The real alienation risk for the writer is that in an age when most of our media lovingly pet our conceptions of ourselves, audiences will not accept work that makes them question their own morality and their own purity.
This post was published on the now-closed HuffPost Contributor platform. Contributors control their own work and posted freely to our site. If you need to flag this entry as abusive, send us an email.

I was asked if I feared alienating my audience with the depiction of violence in my latest novel. I was surprised because I had gone through pains to minimize the actual depiction of violent acts. A novel about a real-life group of notorious teenage terrorists who rampaged through Indian Territory at the turn of the century naturally includes violence in significant quantities. However, I took pains to minimize description of the acts. Instead, I focused on the perpetrators' motivations and the victims' reactions. To my surprise, though, far from minimizing the impact of the violence, this seems to have heightened it.

I've learned that it's not fictional violence itself that shocks us. That's usually no big deal. We play unbelievably violent video games and watch a steady stream of shootings, stabbings, rapes, beatings, impalements and traumatic dismemberments via TV, DVD and film. But most of this is faux-violence. It's violence devoid of effect. It rarely asks that we feel the victim's pain. Just as importantly, it rarely asks that we comprehend the rage and hate that precipitate the violence. We're allowed to keep our playful, comfortable distance. This type of violence asks neither that we consider the horror of the act itself, nor the horrors that can beget it. All the blood and flesh is just so much stage paint -- a mere plot point.

There is no judgment here; such depictions of violence are dramatically valuable. They have served me well in the past. But my goal here was different. To understand acts of violence and draw from them pity and terror, the audience must feel it. Not the sting of the blade or the bludgeon of the bullet; but the assault on the self and the senses that is such an act. You have to touch the live wire of the victim's torment and the perpetrator's rage. I needed an audience to understand why the central character did what he did, even as they felt the crushing pain that his acts caused his victims.

On a readers' social networking site, one commenter offered, "to say that I like (this book) would be to condone the actions of the various characters -- which I refuse to do." At first, the comment shocked me. I had never associated liking The Killer Inside Me, with condoning its characters' actions. Then I realized that this comment only made sense if the reader felt a measure of unwelcome empathy for the perpetrators of the horrible acts from which she sought to distance herself.
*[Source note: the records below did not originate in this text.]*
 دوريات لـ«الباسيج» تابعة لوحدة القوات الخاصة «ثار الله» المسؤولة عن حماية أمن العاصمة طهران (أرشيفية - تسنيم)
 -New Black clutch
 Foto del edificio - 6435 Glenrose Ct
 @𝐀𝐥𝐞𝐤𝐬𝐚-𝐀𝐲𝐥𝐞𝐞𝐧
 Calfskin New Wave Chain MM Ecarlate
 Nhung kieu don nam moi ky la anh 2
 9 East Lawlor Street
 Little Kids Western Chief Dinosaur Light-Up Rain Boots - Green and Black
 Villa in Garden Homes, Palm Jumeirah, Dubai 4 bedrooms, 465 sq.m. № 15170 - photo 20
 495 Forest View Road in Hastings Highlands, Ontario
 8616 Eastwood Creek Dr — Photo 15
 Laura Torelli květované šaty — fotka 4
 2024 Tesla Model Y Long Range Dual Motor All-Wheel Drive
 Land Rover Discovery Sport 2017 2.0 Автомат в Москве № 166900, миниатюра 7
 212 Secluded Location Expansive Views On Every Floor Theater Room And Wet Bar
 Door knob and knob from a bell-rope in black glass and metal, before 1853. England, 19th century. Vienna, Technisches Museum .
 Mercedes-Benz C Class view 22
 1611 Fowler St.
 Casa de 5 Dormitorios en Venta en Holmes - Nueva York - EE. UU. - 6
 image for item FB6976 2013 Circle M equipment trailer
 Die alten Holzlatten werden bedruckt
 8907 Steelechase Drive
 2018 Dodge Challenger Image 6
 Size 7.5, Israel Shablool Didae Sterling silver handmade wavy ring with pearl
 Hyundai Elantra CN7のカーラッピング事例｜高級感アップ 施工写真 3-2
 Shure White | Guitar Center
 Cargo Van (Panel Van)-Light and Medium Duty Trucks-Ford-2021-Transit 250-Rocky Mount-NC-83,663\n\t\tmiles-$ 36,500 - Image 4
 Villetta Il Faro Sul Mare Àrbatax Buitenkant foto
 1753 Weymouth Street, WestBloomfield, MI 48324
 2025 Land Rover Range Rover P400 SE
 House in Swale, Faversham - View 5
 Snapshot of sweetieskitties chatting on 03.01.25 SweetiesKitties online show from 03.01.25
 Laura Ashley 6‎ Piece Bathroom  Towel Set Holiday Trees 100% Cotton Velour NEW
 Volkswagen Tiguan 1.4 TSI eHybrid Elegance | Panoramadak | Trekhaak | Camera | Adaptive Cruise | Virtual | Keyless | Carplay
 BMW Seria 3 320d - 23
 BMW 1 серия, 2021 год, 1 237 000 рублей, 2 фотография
It meant that she felt indicted by her own potential for empathy for people committing acts considered monstrous. To this reader, empathizing with those who commit butchery -- to put herself in their shoes -- is to "condone" their acts. It's the same fallacy played out politically at each terrorist attack. If you examine the circumstances that led to the attack, you're vilified as 'excusing' terrorist actions. In fact, you are... examining the circumstances that led to the attack. If, from that examination, you discover that you, too, faced with similar circumstances, might resort to violence, or at least lust after it, you're forced to face the potential killer inside you.

That is the real alienation risk for the writer -- that in an age when most of our media lovingly pet our conceptions of ourselves, audiences will not accept work that makes them question their own morality and their own purity.

It's not about the violence. The violence doesn't alienate an audience. It's about our visions of ourselves. Violence we have no problem with. We prove that daily as we ignore our various wars, cheer waterboarding during televised debates and minimize the horror of nuclear devastation. We accept violence; we just also hypocritically deny our capacity to inflict it. If a book challenges that hypocrisy, it will be tagged as "alienating." On the other hand, reinforce the audience's vision of itself as pure, and it's just good old-fashioned, red-blooded American gore -- the good kind -- the kind we love to watch.

When I'm challenged on the violence in the novel, I've learned it's less about the violence per se and more about forcing the audience to question their own purity, and capacity for what's considered evil.

Do that, and you risk alienating those who fear facing the potential for violence in themselves.